SDP Scripting Library
The SDP scripting library is a high-level interface for writing processing scripts. Its goal is to provide abstractions to enable the developer to express the high-level organisation of a processing script without needing to interact directly with the low-level interfaces such as the SDP configuration library.
Development
Installation
The library can be installed using pip
but you need to make sure to use the
SKA artefact repository as the index:
pip install \
--index-url https://artefact.skao.int/repository/pypi-all/simple \
ska-sdp-scripting
To install it using a requirements.txt
file, the pip
options can be
added to the top of the file like this:
--index-url https://artefact.skao.int/repository/pypi-all/simple
ska-sdp-scripting
Usage
Once the SDP scripting library has been installed, use:
import ska_sdp_scripting
Develop a new script
The steps to develop and test an SDP processing script can be found at Script Development.
Functionality
The required functionality of the scripting library is as follows.
Starting, monitoring and ending a script
At the start
Claim the processing block.
Get the parameters defined in the processing block. They should be checked against the parameter schema defined for the script.
Resource requests
Make requests for input and output buffer space. The script will calculate the resources it needs based on the parameters, then request them from the processing controller. This is currently a placeholder.
Declare script phases
Scripts will be divided into phases such as preparation, processing, and clean-up. In the current implementation, only one phase can be declared, which we refer to as the ‘work’ phase.
Execute the work phase
On entry to the work phase, it waits until the resources are available. Meanwhile it monitors the processing block to see it has been cancelled. For real-time scripts, it also checks if the execution block has been cancelled.
Deploys execution engines to execute a script/function.
Monitors the execution engines and processing block state.
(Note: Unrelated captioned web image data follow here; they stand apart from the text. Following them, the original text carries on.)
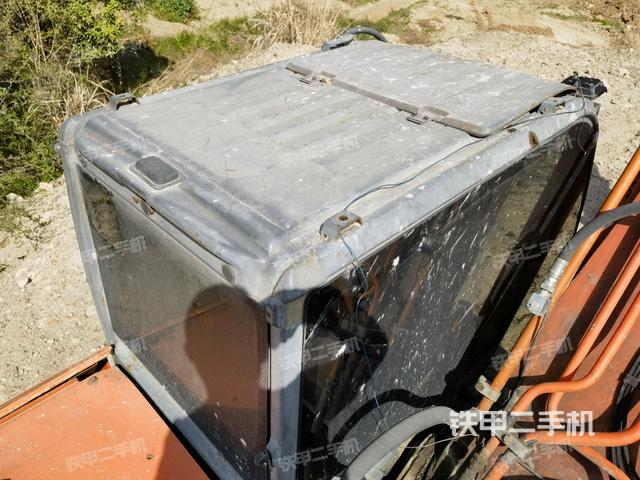 駕駛室頂部俯視（上車部件）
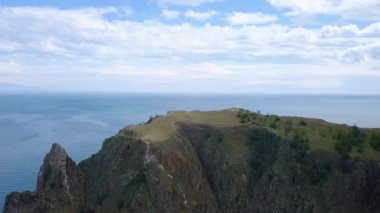 MYS Khoboy (Cape Khoboy). Rusya, Baykal Gölü, Olkhon Adası. Olkhon Adası en kuzeydeki nokta. Video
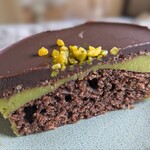 成城石井 - 料理写真:ドバイチョコ風ケーキ断面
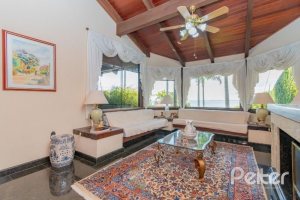 Casa à venda com 430m², 3 dormitórios, 2 suítes, 4 vagas, no bairro Vila Assunção em Porto Alegre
Waits until the execution is finished, or the processing block is cancelled.
Continuously updates the processing block state with the status of execution engine deployments. It provides aggregate information about these statuses to inform other components about the readiness of deployments.
At the end
Remove the execution engines to release the resources.
Update processing block state with information about the success or failure of the script.
Receive scripts
Get IP and MAC addresses for the receive processes.
Monitor receive processes. If any get restarted, then the addresses may need to be updated.
Write the addresses in the appropriate format into the processing block state.
Compatibility with the telescope model library
We keep the scripting library compatible with the latest version of the telescope model library. If you use a configuration string that is based on an older version of the telescope model, you may experience errors or unexpected behaviour.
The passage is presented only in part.